Myth 1: Opioids do not work for neuropathic pain.
Fact: While some opioid medications may not be effective for neuropathic pain, others have different mechanisms that may help reduce neuropathic pain. Examples include methadone, tramadol and levorphanol.
Myth 2: Opioids always cause unwanted side effects.
Fact: Some individuals experience side effects from opioids, such as drowsiness and constipation, whereas others do not. When side effects do occur, steps can be taken to eliminate or reduce them, such as switching medications; changing the dosing regimen or administration method; or adding another medication to treat the side effect.
Myth 3: Extended-release opioids are more dangerous than immediate-release opioids.
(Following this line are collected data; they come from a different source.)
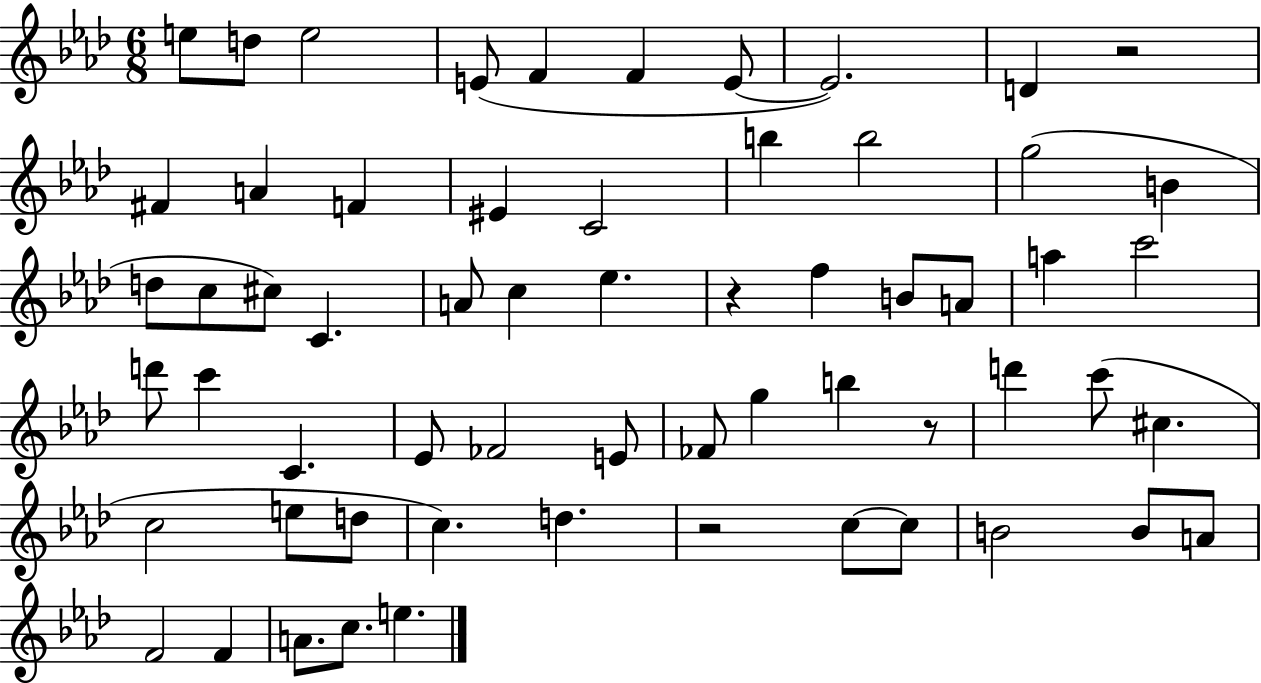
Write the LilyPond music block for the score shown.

{
  \clef treble
  \numericTimeSignature
  \time 6/8
  \key aes \major
  \repeat volta 2 { e''8 d''8 e''2 | e'8( f'4 f'4 e'8~~ | e'2.) | d'4 r2 | \break fis'4 a'4 f'4 | eis'4 c'2 | b''4 b''2 | g''2( b'4 | \break d''8 c''8 cis''8) c'4. | a'8 c''4 ees''4. | r4 f''4 b'8 a'8 | a''4 c'''2 | \break d'''8 c'''4 c'4. | ees'8 fes'2 e'8 | fes'8 g''4 b''4 r8 | d'''4 c'''8( cis''4. | \break c''2 e''8 d''8 | c''4.) d''4. | r2 c''8~~ c''8 | b'2 b'8 a'8 | \break f'2 f'4 | a'8. c''8. e''4. | } \bar "|."
}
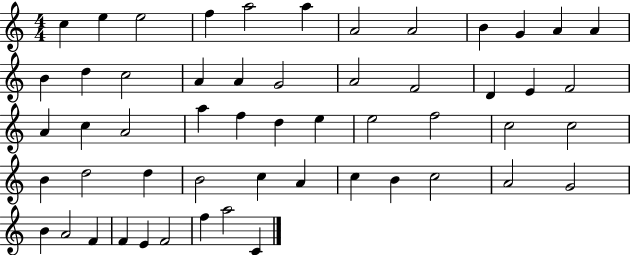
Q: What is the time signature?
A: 4/4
Fact: Extended-release opioids are often prescribed for long-term opioid therapy. The effective therapeutic dosage of immediate-release opioids should be determined before starting extended-release opioids. This helps reduce the risk of overdose when starting an extended-release form.
Myth 4: Prescription opioids are as dangerous as illegally obtained opioids.
Fact: Opioids, whether obtained legally or illegally, are strong pain relievers and are dangerous if misused. However, if prescription opioids are taken as prescribed under the guidance of a physician, they are much less likely to cause harm than opioids obtained illegally.
Myth 5: Everyone taking an opioid medication becomes addicted to it.
Fact: Most individuals who take opioids as prescribed do not develop an addiction.
Myth 6: Most opioid-related overdose deaths occur as a result of prescription opioids.
Fact: Most opioid-related overdose deaths occur due to illicit fentanyl that is mixed with heroin or other illicit substances. When taken as prescribed, prescription opioids are unlikely to lead to overdose.
NOTE: In Australia, most “opioid” related overdose deaths occur due to polypharmacy, not opioids ALONE.
[REF: 2022 Penington Institute Report].